Para não correr o risco de que o texto seja considerado inconstitucional, o relator da matéria no Senado, Izalci Lucas (PSDB-DF), teve que alterá-lo para que fosse estabelecido que a possibilidade de transferência só se aplica durante o período em que vigorar o reconhecimento do estado de calamidade pública.

Por causa da alteração, o texto terá que retornar à Câmara antes de seguir para a sanção do presidente Jair Bolsonaro (sem partido).

Antes deste projeto, os senadores aprovaram simbolicamente autorização para a contratação de crédito externo pelo estado de Alagoas com a Corporação Andina de Fomento, no valor de US$ 136,2 milhões (cerca de R$ 680 milhões) para obras de saneamento e infraestrutura rodoviária.

Apesar de a matéria ter sido incluída na pauta desta quarta após concordância dos líderes partidários, alguns senadores argumentaram que as sessões remotas da Casa serviam para a apreciação de projetos relacionados à Covid-19.

“Acredito que, quando a gente começa a abrir exceção, isso é perigoso”, disse o senador Eduardo Girão (Podemos-CE).

O vice-presidente do Senado, Antonio Anastasia (PSD-MG), —que tem comandado as sessões porque o presidente da Casa, Davi Alcolumbre (DEM-AP), está isolado, infectado pelo coronavírus— justificou a inclusão da autorização de empréstimo na pauta por entender que havia relação com a crise decorrente da pandemia.

“Todo recurso que agora vai para o estado a qualquer título colaborará com o estado para a necessidade que ele vai ter, de equipar seus hospitais, para lutar contra os efeitos da pandemia.

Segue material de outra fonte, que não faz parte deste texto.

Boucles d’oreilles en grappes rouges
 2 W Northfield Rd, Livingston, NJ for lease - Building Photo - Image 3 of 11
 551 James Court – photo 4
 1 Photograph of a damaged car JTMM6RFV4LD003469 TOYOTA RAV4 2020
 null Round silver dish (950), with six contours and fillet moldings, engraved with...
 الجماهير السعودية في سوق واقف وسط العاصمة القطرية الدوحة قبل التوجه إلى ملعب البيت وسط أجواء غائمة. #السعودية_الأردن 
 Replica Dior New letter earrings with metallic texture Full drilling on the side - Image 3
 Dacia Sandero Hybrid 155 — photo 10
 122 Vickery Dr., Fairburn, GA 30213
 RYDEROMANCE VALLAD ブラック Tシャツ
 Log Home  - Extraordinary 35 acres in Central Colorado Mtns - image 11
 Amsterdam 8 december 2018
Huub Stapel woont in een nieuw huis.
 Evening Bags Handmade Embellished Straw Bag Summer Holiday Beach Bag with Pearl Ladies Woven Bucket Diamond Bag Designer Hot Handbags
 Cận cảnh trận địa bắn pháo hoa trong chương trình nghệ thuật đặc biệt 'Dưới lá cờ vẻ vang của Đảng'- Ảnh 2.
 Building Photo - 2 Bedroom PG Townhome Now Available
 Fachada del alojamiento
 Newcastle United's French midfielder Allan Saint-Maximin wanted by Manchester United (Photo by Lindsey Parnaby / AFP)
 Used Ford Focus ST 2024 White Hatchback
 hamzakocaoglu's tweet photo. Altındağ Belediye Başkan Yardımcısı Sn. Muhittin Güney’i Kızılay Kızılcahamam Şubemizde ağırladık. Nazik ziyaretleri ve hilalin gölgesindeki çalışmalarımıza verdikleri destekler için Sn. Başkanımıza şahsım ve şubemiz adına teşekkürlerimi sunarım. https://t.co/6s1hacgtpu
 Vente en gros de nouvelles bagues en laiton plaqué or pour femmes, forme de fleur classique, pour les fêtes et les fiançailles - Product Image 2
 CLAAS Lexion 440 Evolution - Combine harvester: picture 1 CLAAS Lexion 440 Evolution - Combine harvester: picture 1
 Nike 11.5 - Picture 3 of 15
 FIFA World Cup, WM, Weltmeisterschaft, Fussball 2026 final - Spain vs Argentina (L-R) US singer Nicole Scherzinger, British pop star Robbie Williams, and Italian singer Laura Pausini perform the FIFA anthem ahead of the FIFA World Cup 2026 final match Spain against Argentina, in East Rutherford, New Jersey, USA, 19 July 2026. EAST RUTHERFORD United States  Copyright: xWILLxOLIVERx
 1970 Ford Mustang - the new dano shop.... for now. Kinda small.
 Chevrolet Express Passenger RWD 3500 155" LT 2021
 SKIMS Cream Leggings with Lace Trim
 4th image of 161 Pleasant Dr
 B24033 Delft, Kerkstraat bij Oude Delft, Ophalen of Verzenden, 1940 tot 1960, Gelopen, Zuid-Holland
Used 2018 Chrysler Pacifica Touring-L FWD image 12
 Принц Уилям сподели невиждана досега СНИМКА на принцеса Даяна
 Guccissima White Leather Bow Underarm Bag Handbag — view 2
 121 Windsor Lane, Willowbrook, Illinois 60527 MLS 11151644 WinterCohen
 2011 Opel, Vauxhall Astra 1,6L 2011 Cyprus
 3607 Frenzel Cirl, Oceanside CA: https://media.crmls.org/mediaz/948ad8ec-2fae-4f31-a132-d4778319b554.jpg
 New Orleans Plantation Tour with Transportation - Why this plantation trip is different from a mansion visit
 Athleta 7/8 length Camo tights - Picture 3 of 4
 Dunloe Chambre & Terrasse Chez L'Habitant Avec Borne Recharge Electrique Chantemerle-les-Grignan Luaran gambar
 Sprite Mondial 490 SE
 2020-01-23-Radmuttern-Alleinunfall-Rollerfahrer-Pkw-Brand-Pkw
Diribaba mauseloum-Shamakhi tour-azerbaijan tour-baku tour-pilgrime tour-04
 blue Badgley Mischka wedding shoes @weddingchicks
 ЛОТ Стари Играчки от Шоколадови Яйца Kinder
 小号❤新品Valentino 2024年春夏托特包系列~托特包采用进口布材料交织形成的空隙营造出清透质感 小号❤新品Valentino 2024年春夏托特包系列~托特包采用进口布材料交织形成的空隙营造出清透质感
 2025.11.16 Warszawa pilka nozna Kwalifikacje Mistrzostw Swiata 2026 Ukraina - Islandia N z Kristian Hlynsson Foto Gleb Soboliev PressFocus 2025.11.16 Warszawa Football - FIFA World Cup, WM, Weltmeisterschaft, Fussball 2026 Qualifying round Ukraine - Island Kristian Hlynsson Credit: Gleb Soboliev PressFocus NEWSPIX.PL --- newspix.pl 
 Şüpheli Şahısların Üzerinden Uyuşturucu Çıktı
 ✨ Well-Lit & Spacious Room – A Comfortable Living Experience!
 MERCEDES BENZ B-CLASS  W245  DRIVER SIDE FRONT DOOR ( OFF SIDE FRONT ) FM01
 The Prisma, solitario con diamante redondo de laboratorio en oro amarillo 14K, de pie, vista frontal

Então, é evidente que há um nexo”, disse Anastasia.

O relator do texto, senador Eduardo Braga (MDB-AM), argumentou que o governo assumiu compromisso com governadores ao anunciar liberação de R$ 88,3 bilhões de socorro aos estados.

“Por acaso, o do estado de Alagoas estava pronto e foi encaminhado para o Senado da República, sendo o único que está neste momento no Senado para ser votado”, afirmou Braga.

Mais cedo, os líderes partidários do Senado reuniram-se para discutir procedimentos para as próximas votações remotas, adotadas desde sexta-feira (20) para evitar a aglomeração de parlamentares em plenário.

Ficou decidido no encontro que os líderes colheriam em suas bancadas projetos relacionados às crises sanitária e econômica para serem pautados nas próximas sessões.

Nesta quinta-feira (26), pode ser votado um projeto que antecipa de julho para abril o pagamento de 1% do FPM (Fundo de Participação dos Municípios), o que representa R$ 4,8 bilhões.

Na reunião, parlamentares também criticaram as manifestações do presidente Jair Bolsonaro tanto em cadeia de rádio e TV na noite de terça (24) como na manhã desta quarta, ao deixar o Palácio da Alvorada.

De acordo com participantes do encontro, diversos líderes fizeram críticas e os representantes do governo apenas elencaram anúncios feitos pelo Executivo.

Ao longo do dia, parlamentares continuaram fazendo críticas à fala de Bolsonaro, que se disse contrário ao isolamento social.

“Qualquer proposta neste momento, no sentido de que não haja o isolamento das pessoas, é absolutamente irresponsável. Qualquer coisa neste sentido, mesmo que venha do presidente da República, não deve ser levada a sério “, disse o senador Tasso Jereissati (PSDB-CE).